Название: Германия: философия XIX – начала XX вв. Том 7. Материализм. Часть 2
Автор: Валерий Алексеевич Антонов
Издательство: Издательские решения
isbn: 9785006479319
isbn:
Каждая наука развивается в три последовательные эпохи, которые, если сравнить их с великими эпохами цивилизации, можно назвать религиозной, софистической и подлинно научной.76 Таким образом, алхимия обозначает религиозную эпоху науки, которая позже была названа химией и чье окончательное доктринальное здание еще не найдено, так же как астрология является религиозным периодом другой науки, астрономии.
После шестидесяти лет насмешек над философским камнем химики, руководствуясь опытом, уже не смеют отрицать, что тела могут превращаться друг в друга, а астрономов механика строения мира заставила предположить, что мир тоже органичен, то есть нечто вроде астрологии. Не будет ли правильным сказать, подобно только что упомянутому философу, что немного химии уводит от философского камня, но много химии приводит к нему, и точно так же немного астрономии заставляет нас смеяться над астрологами, но много астрономии заставляет нас верить в них?77
Я, конечно, менее склонен к чудесному, чем некоторые атеисты, но не могу отделаться от мысли, что рассказы о чудесах, пророчествах, магических подвигах и т. д. – не более чем искаженные сообщения о необычайных эффектах скрытых сил, или, как раньше говорили, темных сил. Наша наука все еще настолько груба и нечестна, наши ученые ведут себя так надуто, имея так мало знаний, они так беззастенчиво отрицают неудобные для них факты, чтобы защитить только те взгляды, которые они эксплуатируют, что я отношусь к этим вольнодумцам с таким же подозрением, как и к суеверным людям. Да, я убежден, что наш грубый рационализм – это лишь переход к периоду, который, благодаря науке, будет поистине чудесным. В моих глазах мир – это лишь лаборатория магии, в которой нужно быть готовым ко всему… Но теперь вернемся к сути.

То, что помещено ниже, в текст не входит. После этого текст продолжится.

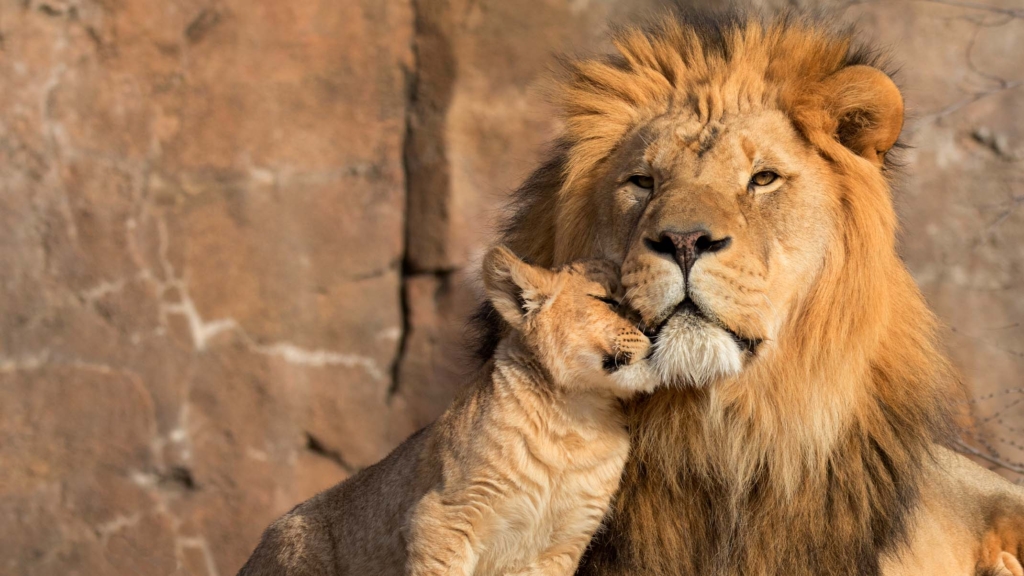 9 things you didn’t know about lions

Ошибусь, если после беглого обзора этапов развития религии, который я привел, буду считать, что метафизика уже сказала свое последнее слово в отношении двойной загадки, заключенной в четырех словах: Существование Бога, бессмертие души. Здесь, как и везде, самые обоснованные и самые глубокомысленные выводы разума, выводы, которые, казалось бы, навсегда решили и устранили теологический вопрос, возвращают нас к первоначальному мистицизму и содержат новые проблемы неизбежной философии. Критика религиозных мнений сегодня заставляет нас улыбаться и над собой, и над религиями; и все же воплощение этой критики есть не что иное, как возобновление проблемы. Сейчас, когда я пишу, человечество находится накануне того дня, когда оно признает и утвердит нечто, что станет эквивалентом древнего понятия Божества; и на этот раз оно сделает это не безвольным движением, как в прошлом, а с обдуманностью и силой непреодолимой диалектики.
Я постараюсь в нескольких словах объяснить, что я имею в виду.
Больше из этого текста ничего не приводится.